Scraped caption text data:
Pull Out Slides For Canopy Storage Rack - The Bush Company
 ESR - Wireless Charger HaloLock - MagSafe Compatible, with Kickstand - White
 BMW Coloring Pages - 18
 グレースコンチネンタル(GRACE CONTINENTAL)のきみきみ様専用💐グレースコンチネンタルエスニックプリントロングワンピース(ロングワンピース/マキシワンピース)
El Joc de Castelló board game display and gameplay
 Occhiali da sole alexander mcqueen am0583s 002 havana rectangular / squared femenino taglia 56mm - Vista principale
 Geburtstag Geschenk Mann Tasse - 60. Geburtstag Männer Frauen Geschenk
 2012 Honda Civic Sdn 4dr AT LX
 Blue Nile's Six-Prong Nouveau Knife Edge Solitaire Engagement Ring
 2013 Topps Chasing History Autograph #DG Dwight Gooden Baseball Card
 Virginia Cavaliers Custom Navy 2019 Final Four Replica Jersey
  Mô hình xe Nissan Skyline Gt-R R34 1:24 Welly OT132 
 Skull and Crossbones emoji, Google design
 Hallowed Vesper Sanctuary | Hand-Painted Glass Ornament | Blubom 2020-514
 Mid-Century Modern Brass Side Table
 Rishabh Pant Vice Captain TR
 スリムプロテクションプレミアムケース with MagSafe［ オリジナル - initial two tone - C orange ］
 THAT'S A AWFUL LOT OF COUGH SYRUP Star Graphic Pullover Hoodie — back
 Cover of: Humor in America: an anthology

WHAT THE TASK REQUIRES: Set out, exactly as written, the lines from the line with "Mid-Century Modern Brass Side Table" to the last line of the records, inclusive, and only those lines.

WRITTEN ANSWER:
 Mid-Century Modern Brass Side Table
 Rishabh Pant Vice Captain TR
 スリムプロテクションプレミアムケース with MagSafe［ オリジナル - initial two tone - C orange ］
 THAT'S A AWFUL LOT OF COUGH SYRUP Star Graphic Pullover Hoodie — back
 Cover of: Humor in America: an anthology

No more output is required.